Fox may have a multi-cam comedy hit on its hands in Dads, judging by the thwapping TV critics gave it today at Summer TV Press Tour 2013. It was the kind of brawl the tour hasn’t seen since the 2 Broke Girls Q&A back in that sitcom’s first season– and we all know what a hit that show’s turned out to be for CBS. The series, from Seth MacFarlane (much not-loved by TV critics, and a no-show at the session) and other producers behind MacFarlane’s animated Family Guy and flick Ted, stars Seth Green and Giovanni Ribisi as childhood BFF’s turned gaming entrepreneur/biz partners, whose lives become sitcom material when both their dads, played by Peter Riegert and Martin Mull, move in with them. They provide lines like asking their son if he’s watching Punch The Puerto Rican when they see a boxing match on TV.

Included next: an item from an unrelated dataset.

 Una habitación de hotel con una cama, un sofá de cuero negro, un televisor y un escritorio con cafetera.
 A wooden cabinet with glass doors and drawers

But it’s not left to just the actors in Dumbass Old Guy roles to provide the show’s racist humor, a la All In The Family. Green and Ribisi’s characters tell their Asian female staffer, played by Brenda Song, to dress up as a sexy Asian school girl to impress Chinese clients. Mostly Mike Scully, Wellesley Wild and Alec Sulkin let the TV critics take whacks at them without putting up much of a fight. Of the sexy Asian schoolgirl scene, Sulkin said if the comedy “didn’t land, we understand that.” In response to one critic’s suggestion that animated characters can pull off racially charged cracks while they may not work when actual actors say the lines, Scully acknowledged obsequiously, “There’s a level of reality removed in animation that lets you get away with more,“ he began, then corrected himself and continued, “that lets the audience accept more, and we’ll find that as we go.” He also promised “We don’t want the show to be the racial insult comedy show.”
Too late, responded critics in so many words.

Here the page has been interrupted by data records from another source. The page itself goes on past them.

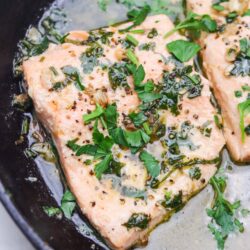 Juicy salmon fillets cooked in garlic butter with fresh herbs and black pepper, served in a cast iron skillet.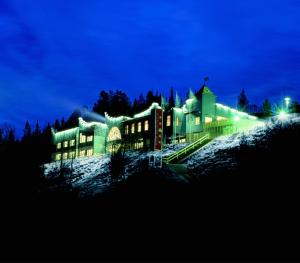 a large building at night with lights at Hotel Royal Ruka in Ruka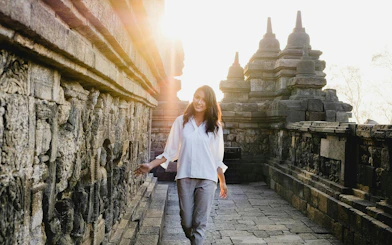 Woman exploring ancient Borobudur temple in Indonesia at sunrise.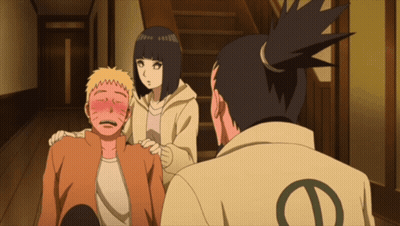 A Man With The Letter D On His Back Is Standing Next To A Woman GIF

“It’s the racist canary in the coal mine” show, Wild offered, but without any vim. Wild didn’t do much better when one critic said he found tiresome the whole Dumbass Aging Dads gag. “It’s tiresome, but it’s real,” he responded.

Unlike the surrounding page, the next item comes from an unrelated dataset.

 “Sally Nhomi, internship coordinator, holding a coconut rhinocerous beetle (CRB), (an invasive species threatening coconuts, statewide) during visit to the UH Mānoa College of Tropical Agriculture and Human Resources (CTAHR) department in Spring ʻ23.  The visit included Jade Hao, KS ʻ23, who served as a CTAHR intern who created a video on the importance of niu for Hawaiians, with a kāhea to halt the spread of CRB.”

Critics began to suspect the writer/EP’s had read the transcript from the 2 Broke Girls session at the tour a few seasons back, to see How Not To Handle Hot and Bothered TV Critics at the tour. During that epic session, a much-pummeled EP Michael Patrick King had asked one TV critic his last name, then noted the guy’s name was Irish which meant he was probably drunk. It went downhill from there.
The Dads actors put up more of a fight than did the show’s creators today. “I’ve never done anything in 43 years that somebody didn’t find offensive,” Riegert grumbled. “You need someone to be a jerk in order to see the other side,” Mull insisted. Except they’re all jerks on this show, critics noted. “Just to be fair, this is a disparaging portrayal of white men,” Green said, lamely. Finally, Song — at the center of the show’s whole sexy Asian schoolgirl controversy, jumped in to say that when she saw that scene in the script, she said to herself, “Alright, Brenda, this is your job” but since she’s getting to do what she’s been dreaming about since she was 7 years old and “in such great company,” she can’t complain. By way of defending the writing, she noted she has made “I’m Asian – I’m really good at math” jokes, and that when guys try to hit on her, she has been known to respond, “Ah, sorry. I no speak English.”